• Task objective: Each line in the records below, from the one that contains "Mystery Wheel Slime" to the one that contains "Cream t-shirt with", should be reproduced exactly, the first and last included.

Collection entries:
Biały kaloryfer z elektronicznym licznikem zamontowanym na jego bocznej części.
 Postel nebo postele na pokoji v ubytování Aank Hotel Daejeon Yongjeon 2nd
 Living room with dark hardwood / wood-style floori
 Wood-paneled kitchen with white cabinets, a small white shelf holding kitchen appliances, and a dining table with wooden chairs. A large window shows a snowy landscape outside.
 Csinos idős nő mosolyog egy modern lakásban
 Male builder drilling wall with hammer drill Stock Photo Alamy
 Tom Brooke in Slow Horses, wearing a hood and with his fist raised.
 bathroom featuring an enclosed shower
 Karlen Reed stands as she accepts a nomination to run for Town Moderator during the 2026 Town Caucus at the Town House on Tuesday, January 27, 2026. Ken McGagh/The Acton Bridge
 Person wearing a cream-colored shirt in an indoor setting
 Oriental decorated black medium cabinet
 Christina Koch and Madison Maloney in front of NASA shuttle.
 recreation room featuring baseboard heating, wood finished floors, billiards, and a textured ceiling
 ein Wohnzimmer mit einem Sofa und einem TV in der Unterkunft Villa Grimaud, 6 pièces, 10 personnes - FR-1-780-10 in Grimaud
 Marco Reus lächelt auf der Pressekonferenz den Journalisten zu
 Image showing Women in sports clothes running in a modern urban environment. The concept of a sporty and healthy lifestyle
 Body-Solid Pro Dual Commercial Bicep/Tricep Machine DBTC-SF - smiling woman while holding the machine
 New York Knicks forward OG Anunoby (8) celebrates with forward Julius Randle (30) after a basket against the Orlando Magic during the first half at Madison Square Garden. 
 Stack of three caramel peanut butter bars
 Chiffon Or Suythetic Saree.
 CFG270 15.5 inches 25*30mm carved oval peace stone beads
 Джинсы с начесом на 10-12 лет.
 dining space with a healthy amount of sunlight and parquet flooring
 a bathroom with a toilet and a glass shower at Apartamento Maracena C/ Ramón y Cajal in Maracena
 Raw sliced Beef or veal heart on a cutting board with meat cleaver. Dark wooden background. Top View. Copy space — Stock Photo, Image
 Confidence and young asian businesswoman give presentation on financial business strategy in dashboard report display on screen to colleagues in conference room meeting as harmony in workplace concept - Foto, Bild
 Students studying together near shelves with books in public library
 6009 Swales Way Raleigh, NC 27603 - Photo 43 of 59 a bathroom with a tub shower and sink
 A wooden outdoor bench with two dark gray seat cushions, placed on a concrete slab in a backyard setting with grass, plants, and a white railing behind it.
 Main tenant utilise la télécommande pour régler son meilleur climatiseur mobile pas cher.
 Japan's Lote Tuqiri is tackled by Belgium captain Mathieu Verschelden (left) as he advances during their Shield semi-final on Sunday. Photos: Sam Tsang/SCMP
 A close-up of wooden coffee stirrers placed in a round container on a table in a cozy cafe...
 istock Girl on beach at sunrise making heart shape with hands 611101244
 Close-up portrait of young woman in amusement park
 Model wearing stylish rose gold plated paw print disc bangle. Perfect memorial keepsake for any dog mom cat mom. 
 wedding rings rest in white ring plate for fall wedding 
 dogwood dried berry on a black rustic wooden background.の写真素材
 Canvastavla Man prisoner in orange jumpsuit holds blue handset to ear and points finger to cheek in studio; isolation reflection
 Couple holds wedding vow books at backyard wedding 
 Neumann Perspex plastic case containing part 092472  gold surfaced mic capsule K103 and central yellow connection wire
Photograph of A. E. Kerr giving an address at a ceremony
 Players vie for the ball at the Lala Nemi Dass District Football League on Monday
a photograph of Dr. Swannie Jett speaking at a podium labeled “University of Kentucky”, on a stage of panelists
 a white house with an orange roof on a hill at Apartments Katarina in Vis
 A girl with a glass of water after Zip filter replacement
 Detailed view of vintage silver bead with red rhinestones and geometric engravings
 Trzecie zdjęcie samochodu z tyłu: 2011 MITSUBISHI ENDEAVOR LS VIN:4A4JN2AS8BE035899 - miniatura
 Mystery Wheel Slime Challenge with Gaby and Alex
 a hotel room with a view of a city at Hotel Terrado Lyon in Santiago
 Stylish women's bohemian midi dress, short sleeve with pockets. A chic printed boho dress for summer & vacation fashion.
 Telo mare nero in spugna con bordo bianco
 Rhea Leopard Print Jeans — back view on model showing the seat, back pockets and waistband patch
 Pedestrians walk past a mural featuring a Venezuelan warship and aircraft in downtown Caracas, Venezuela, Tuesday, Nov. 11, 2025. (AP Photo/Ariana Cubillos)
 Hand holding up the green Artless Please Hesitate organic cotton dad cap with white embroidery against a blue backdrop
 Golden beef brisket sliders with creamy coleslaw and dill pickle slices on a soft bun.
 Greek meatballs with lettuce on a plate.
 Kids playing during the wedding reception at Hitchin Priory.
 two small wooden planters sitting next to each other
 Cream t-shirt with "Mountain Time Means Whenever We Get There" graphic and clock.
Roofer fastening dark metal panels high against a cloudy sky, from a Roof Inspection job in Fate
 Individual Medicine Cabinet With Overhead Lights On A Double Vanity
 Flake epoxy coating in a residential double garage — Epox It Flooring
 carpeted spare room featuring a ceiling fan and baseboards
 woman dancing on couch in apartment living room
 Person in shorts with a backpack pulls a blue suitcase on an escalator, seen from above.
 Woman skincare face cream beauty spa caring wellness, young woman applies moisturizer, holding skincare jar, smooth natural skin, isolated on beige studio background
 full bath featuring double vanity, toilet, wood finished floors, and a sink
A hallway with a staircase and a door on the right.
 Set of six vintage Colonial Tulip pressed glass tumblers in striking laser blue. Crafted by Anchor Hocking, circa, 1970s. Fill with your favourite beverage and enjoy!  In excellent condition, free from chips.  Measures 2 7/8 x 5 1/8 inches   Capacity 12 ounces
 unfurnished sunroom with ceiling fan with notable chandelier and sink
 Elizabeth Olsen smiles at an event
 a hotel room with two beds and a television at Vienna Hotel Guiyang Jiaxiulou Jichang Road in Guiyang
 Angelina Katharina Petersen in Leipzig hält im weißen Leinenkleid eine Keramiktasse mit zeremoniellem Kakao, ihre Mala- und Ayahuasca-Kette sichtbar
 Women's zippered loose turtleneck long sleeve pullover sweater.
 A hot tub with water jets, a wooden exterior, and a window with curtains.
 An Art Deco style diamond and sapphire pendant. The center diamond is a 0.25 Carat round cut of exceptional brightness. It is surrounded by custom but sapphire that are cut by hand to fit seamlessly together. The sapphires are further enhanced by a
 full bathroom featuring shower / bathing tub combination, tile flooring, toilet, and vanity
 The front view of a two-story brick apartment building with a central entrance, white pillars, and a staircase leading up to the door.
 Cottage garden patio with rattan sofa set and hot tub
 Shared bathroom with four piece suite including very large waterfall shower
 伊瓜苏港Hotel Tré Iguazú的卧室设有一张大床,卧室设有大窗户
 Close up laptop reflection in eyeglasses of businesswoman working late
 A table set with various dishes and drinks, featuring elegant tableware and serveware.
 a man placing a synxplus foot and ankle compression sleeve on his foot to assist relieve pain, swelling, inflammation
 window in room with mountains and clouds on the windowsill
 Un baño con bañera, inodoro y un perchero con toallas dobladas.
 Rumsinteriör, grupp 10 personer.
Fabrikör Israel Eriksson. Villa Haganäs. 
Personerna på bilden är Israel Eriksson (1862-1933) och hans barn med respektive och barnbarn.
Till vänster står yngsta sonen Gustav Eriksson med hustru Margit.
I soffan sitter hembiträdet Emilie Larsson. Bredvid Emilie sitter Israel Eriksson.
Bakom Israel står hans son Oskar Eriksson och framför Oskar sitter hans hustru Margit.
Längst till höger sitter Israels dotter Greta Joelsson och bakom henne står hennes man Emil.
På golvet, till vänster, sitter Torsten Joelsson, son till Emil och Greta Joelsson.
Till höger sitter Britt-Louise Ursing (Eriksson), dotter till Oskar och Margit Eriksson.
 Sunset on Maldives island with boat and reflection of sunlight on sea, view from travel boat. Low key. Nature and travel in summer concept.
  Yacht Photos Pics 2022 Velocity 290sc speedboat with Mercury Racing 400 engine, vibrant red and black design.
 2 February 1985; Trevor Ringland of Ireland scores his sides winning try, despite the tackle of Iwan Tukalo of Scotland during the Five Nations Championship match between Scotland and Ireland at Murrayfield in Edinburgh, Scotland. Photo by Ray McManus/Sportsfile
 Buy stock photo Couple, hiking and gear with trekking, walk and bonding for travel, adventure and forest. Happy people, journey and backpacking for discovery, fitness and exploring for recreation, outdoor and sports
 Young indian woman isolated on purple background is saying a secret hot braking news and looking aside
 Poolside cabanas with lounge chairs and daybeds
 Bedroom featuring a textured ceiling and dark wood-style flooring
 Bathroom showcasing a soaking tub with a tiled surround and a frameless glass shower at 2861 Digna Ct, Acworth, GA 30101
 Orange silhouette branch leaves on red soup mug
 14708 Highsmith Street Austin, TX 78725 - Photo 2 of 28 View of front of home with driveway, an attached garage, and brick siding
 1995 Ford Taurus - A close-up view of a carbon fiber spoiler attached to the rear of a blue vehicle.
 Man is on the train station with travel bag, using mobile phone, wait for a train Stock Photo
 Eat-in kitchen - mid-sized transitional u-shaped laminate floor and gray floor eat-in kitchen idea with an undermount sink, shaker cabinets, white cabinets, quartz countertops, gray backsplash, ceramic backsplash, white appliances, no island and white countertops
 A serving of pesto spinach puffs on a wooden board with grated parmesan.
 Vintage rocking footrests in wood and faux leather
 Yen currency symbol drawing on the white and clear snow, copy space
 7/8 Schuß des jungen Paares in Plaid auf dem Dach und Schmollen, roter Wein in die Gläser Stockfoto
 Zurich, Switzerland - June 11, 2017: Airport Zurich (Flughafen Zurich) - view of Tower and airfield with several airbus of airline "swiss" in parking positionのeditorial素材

• Written answer:
 Mystery Wheel Slime Challenge with Gaby and Alex
 a hotel room with a view of a city at Hotel Terrado Lyon in Santiago
 Stylish women's bohemian midi dress, short sleeve with pockets. A chic printed boho dress for summer & vacation fashion.
 Telo mare nero in spugna con bordo bianco
 Rhea Leopard Print Jeans — back view on model showing the seat, back pockets and waistband patch
 Pedestrians walk past a mural featuring a Venezuelan warship and aircraft in downtown Caracas, Venezuela, Tuesday, Nov. 11, 2025. (AP Photo/Ariana Cubillos)
 Hand holding up the green Artless Please Hesitate organic cotton dad cap with white embroidery against a blue backdrop
 Golden beef brisket sliders with creamy coleslaw and dill pickle slices on a soft bun.
 Greek meatballs with lettuce on a plate.
 Kids playing during the wedding reception at Hitchin Priory.
 two small wooden planters sitting next to each other
 Cream t-shirt with "Mountain Time Means Whenever We Get There" graphic and clock.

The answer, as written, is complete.